Multiple threads may call run() on the same io_context to form a handler thread pool. A run() that returns normally implies the context is stopped; restart() rearms it. To keep run() from returning when momentarily idle, an executor_work_guard (via make_work_guard) holds an outstanding-work count.

The executor

io_context::executor_type is basic_executor_type<std::allocator<void>, 0>. Critically, the executor is the lightweight handle that gets copied around and stored in handlers — not the io_context itself. It packs the context pointer and three runtime property bits into a single uintptr_t:

cpp
// boost/asio/io_context.hpp
struct io_context_bits
{
  static constexpr uintptr_t blocking_never            = 1;
  static constexpr uintptr_t relationship_continuation = 2;
  static constexpr uintptr_t outstanding_work_tracked  = 4;
  static constexpr uintptr_t runtime_bits              = 3;
};
// ...
uintptr_t target_;   // (io_context*) | bits

The executor satisfies the C++ executor concept through member execute, plus the require/query customization points for the standard properties: execution::blocking (possibly/never), execution::relationship (fork/continuation), execution::outstanding_work (tracked/untracked), execution::mapping (always thread), and execution::allocator. bind_executor associates a handler with a specific executor; any_io_executor is the type-erased polymorphic wrapper used by default in awaitable<T> and elsewhere.

Services

Every shared kernel resource lives behind a service. The base class is execution_context::service; the header-only convenience bases are detail::execution_context_service_base<Type> (keyed by a static service_id<Type>) and io_context::service. Examples relevant to this document:

ServiceOwnsHeader
detail::schedulerThe handler queue + the scheduler taskdetail/scheduler.hpp
detail::epoll_reactorThe epoll fd, timerfd, descriptor registrydetail/epoll_reactor.hpp
detail::io_uring_serviceThe io_uring ring, SQ/CQ, timer queuesdetail/io_uring_service.hpp
reactive_socket_service<Protocol>Reactor-backed socket operationsdetail/reactive_socket_service.hpp
io_uring_socket_service<Protocol>io_uring-backed socket operationsdetail/io_uring_socket_service.hpp
io_uring_descriptor_serviceio_uring-backed POSIX descriptor operationsdetail/io_uring_descriptor_service.hpp
io_uring_file_serviceio_uring-backed regular-file operationsdetail/io_uring_file_service.hpp

io_context is constructed with a service-maker overload so that an initial set of services can be installed eagerly; services are shut down (shutdown()) and destroyed in reverse construction order when the context is destroyed.

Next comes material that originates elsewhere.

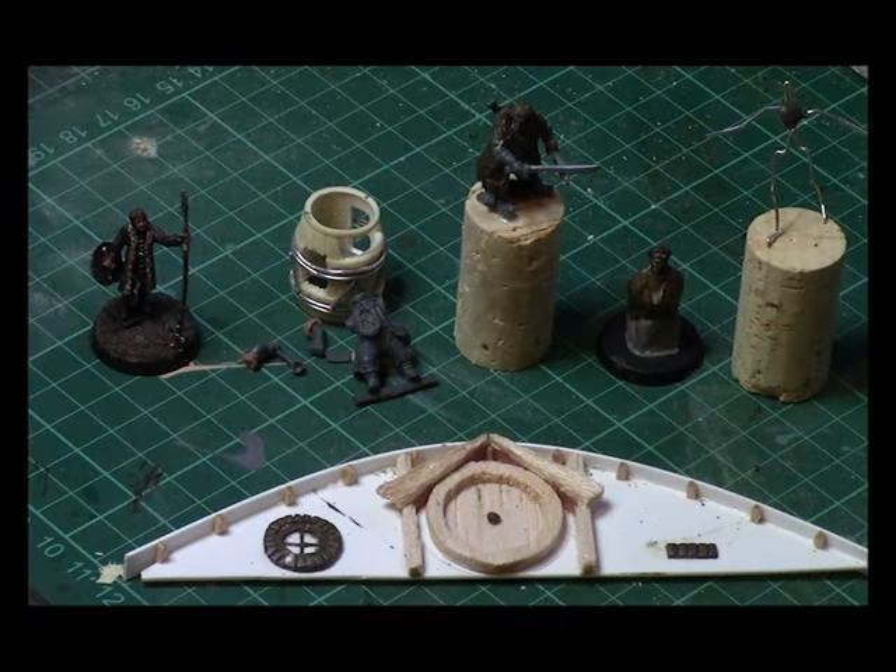Hello Strategy Battle Gamers and welcome to another GBHL YouTube video. I'm GBHL Steve and this is my hobby vlog. I just thought I'd show you a couple of things that I'm working on at the minute. A lot of the stuff you may have already seen on the Facebook page, but I just thought I'd do a quick video to show you guys what I'm working on.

The completion-token machinery: async_result

The single most important customization point is async_result (boost/asio/async_result.hpp). Every asynchronous initiating function is declared roughly as:

cpp
template <typename CompletionToken, /* ... */>
auto async_read_some(const MutableBufferSequence& buffers,
    CompletionToken&& token)
  -> decltype(async_initiate<CompletionToken, void(error_code, size_t)>(
        /* initiation */, token, /* args... */));

async_initiate<Token, Signature>(init, token, args...) invokes async_result<decay_t<Token>, Signature>::initiate(...), and the token's specialization decides what the call returns and how the result is delivered. The header also defines the completion_signature traits (is_completion_signature, are_completion_signatures) and, under C++20 concepts, completion_handler_for<Token, Signatures...> used to constrain handler arguments. This is the mechanism that lets one operation serve callbacks, futures, and coroutines with no virtual dispatch.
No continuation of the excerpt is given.